What is required – Gather each line of the records where "negative" appears.
===
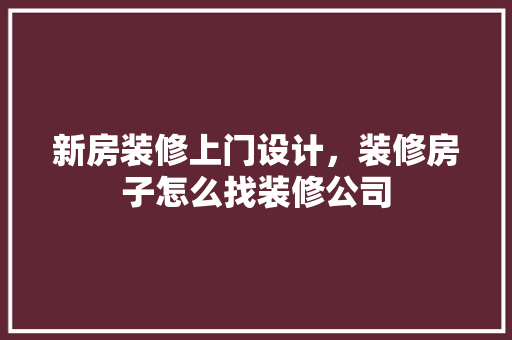 新房装修上门设计，装修房子怎么找装修公司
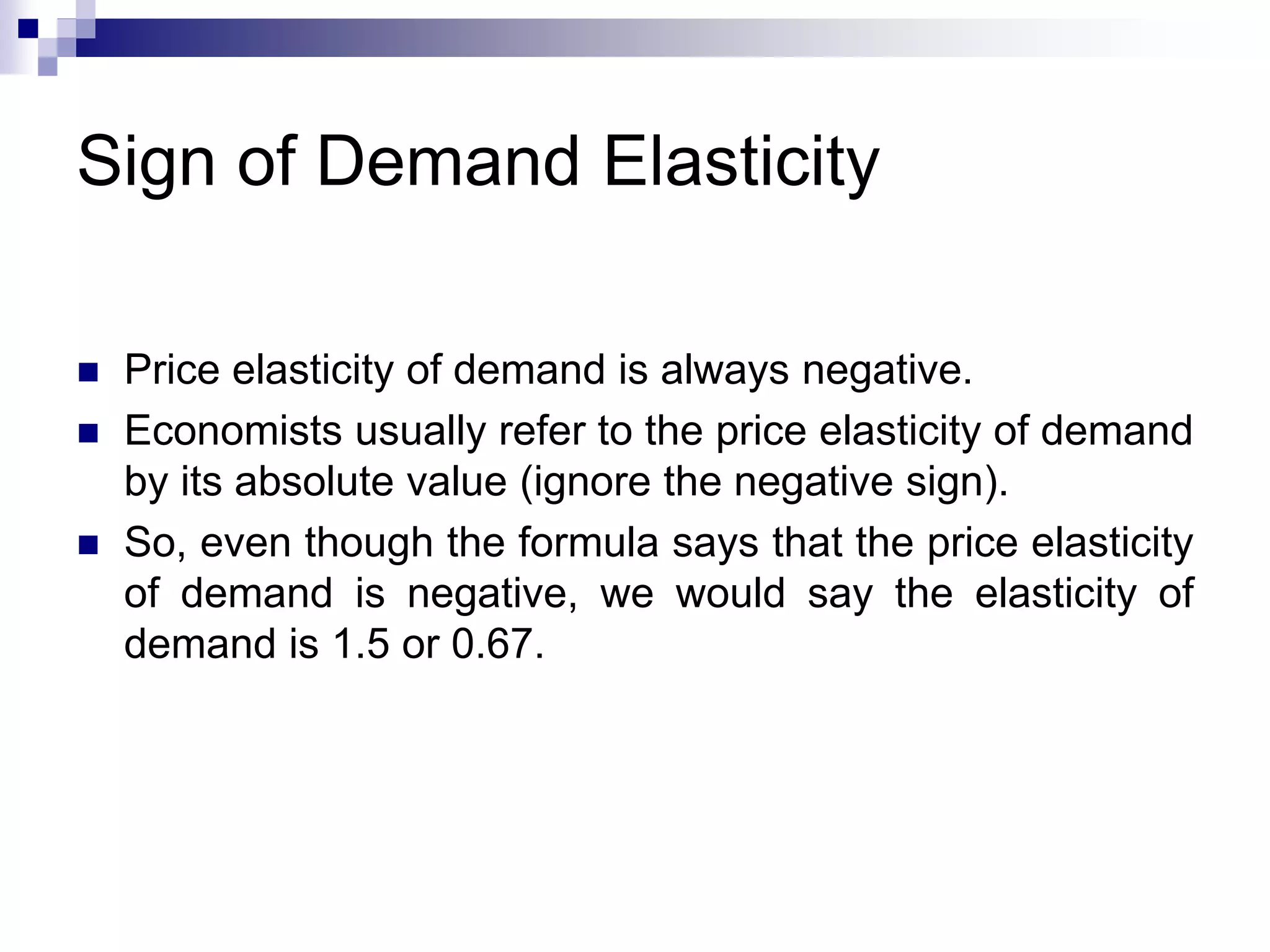 Sign of Demand Elasticity
 Price elasticity of demand is always negative.
 Economists usually refer to the price elasticity of demand
by its absolute value (ignore the negative sign).
 So, even though the formula says that the price elasticity
of demand is negative, we would say the elasticity of
demand is 1.5 or 0.67.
===
Response below –
 Price elasticity of demand is always negative.
by its absolute value (ignore the negative sign).
of demand is negative, we would say the elasticity of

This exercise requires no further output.